Posters

Abstract

As wind energy development accelerates worldwide, more campaigns are using SoDARs and LiDARs in addition to met masts. Lidar backscatter quality depends on the presence of aerosols, whereas SoDAR's functionality relies on the presence of thermal turbulence; however, local atmospheric conditions impact remote sensing devices, particularly in coastal desert conditions. The WGEH site in Australia has clean air (low aerosols), high temperature, shear and temperature inversion, low turbulence, and some isolated dusty conditions. Currently, there are 4 met masts (160m height), 10 SoDARs (Fulcrum3D), and 1 LiDAR (Zx LiDAR with continuous wave technology) at the site measuring at different locations. The LiDAR and One SoDAR units have been co-located with one of the met masts for study purposes.
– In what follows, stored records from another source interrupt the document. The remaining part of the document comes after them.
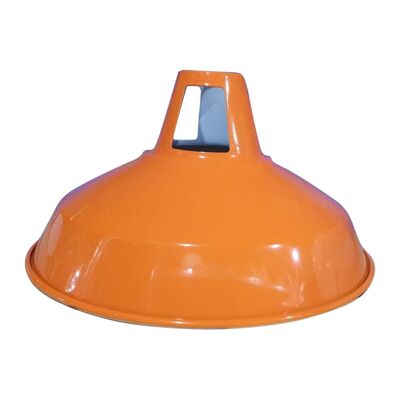 Lampenschirm im Vintage-Industrie-Loft-Stil aus Metall in Orange ~1079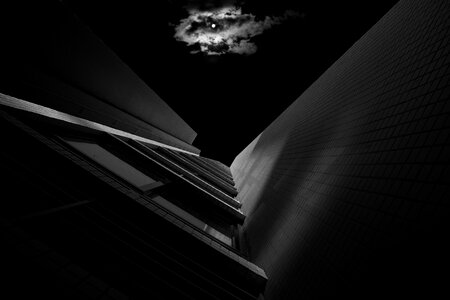 Urban architecture black and white art
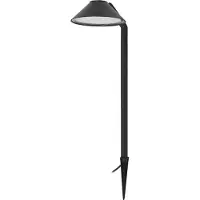LINDBY LED-Erdspießleuchte Capelo, schwarz, Metall, 77cm Capelo, schwarz, Aluminium, Modern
The following outcomes are expected from the comparative study with concurrent SoDAR and LiDAR data compared against the met mast. • Wind Speed validation of remote sensing devices against the met mast • Data availability review of Zx LiDAR at heights above met mast (>160m considering the WGEH site) • Turbulence profile comparison between Zx LiDAR and met mast • Shear profile comparison at rotor tip height (~250m to 280m), hub height (~150m), and rotor bottom height (~40m to 50m) to better understand the atmospheric stability based on the LiDAR measurement • Stable atmospheric conditions classification based on Vortex mesoscale supported with met mast temperature measurement • Influence of atmospheric stability on wind shear, wind veer, and turbulence above hub height measurement • Relationship between hub height wind speed and rotor equivalent wind speed This study helps understand LiDAR and SoDAR's performance at the site, in comparison with the concurrent mast measurement period and guides decisions on selecting the most accurate remote sensing devices for further expansion in the project. The study also helps to understand better various atmospheric problems that we currently experience above the met mast measurement height.